Spiel mit der Bedrohung
Auf der anderen Seite versuchen die Parteien, mit Schreckens-Szenarien die Bürger mit ihren Sorgen und Ängsten abzuholen, glaubt Henrik Schober, Journalist und Politikwissenschaftler an der Hertie School of Governance in Berlin. „Ordnung und Sicherheit sind Grundbedürfnisse, die für viele Menschen auch in ihrer Wahlentscheidung sehr wichtig sind. Dies greifen die Plakate auf, indem sie Bilder zeigen, die mit Verunsicherung einhergehen.“ Etwa der bedrohliche Einbrecher (Bürgerliste Dortmund) oder die Schlaglöcher in den Straßen (FDP).
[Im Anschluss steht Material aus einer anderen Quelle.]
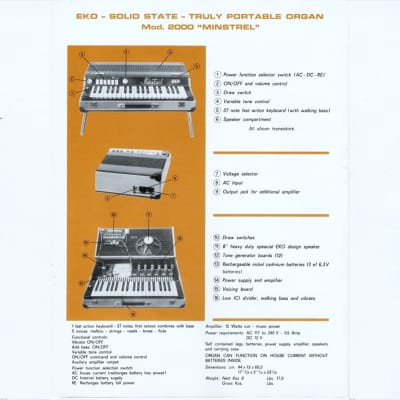 (Video) *Serviced* Rare 1960s Eko Minstrel Italian Electric Organ Synth | Vintage Analog Synthesiser image 23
Dies nutze vor allem Parteien, die für traditionelle und konservative Werte stehen. Zudem werde der Eindruck vermittelt, die jeweilige Partei kenne die Sorgen der Menschen und wisse um die beste Lösung. Das Spiel mit der Bedrohung durch mögliche Krisen funktioniere selbst in guten und sicheren Zeiten. Dann legen es die Wahlplakate darauf an, den Bürgern zu vermitteln: Das kann sich alles ganz schnell wieder ändern.